* **Exercise aim**
Your reply should reproduce all the data below exactly while excluding the pictures.

====== Material shown ======

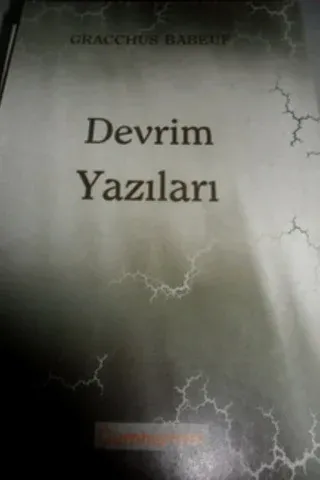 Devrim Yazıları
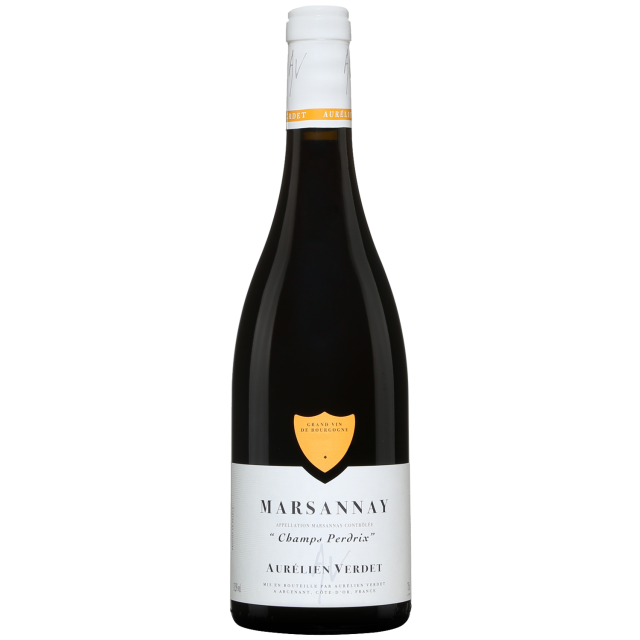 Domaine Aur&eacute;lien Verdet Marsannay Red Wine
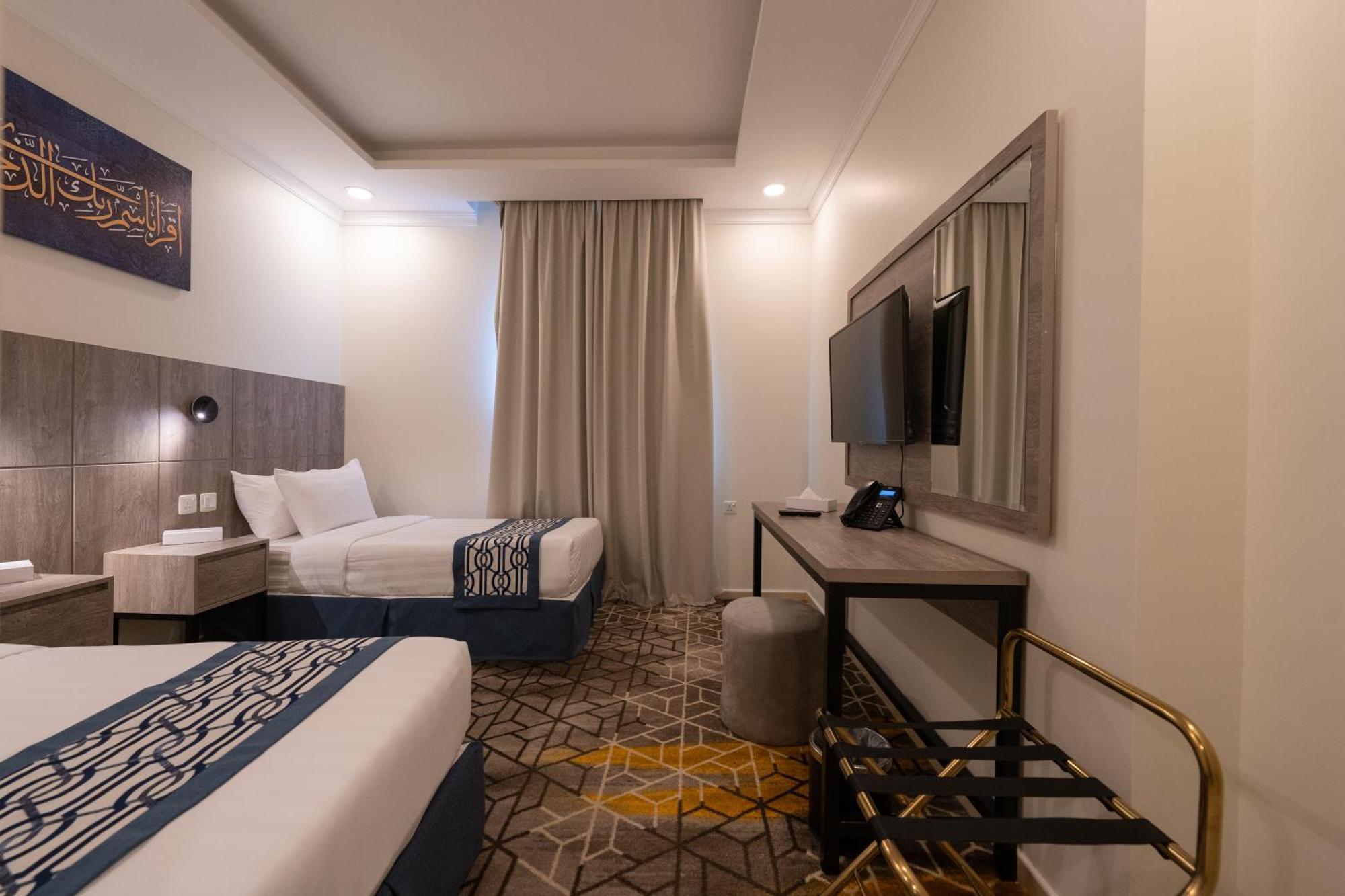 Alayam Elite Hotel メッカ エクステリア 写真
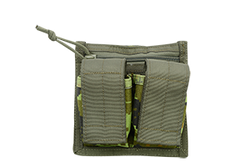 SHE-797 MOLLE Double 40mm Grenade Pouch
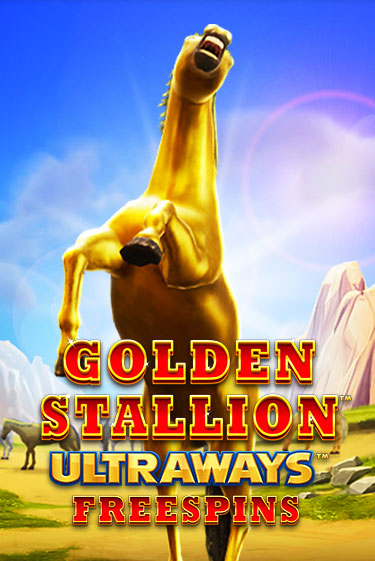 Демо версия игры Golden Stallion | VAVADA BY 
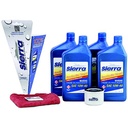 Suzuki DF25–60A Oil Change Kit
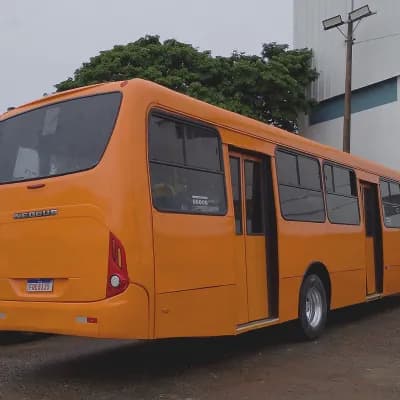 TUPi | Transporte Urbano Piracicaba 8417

======

* **Response**
 Devrim Yazıları
 Domaine Aur&eacute;lien Verdet Marsannay Red Wine
 Alayam Elite Hotel メッカ エクステリア 写真
 SHE-797 MOLLE Double 40mm Grenade Pouch
 Демо версия игры Golden Stallion | VAVADA BY 
 Suzuki DF25–60A Oil Change Kit
 TUPi | Transporte Urbano Piracicaba 8417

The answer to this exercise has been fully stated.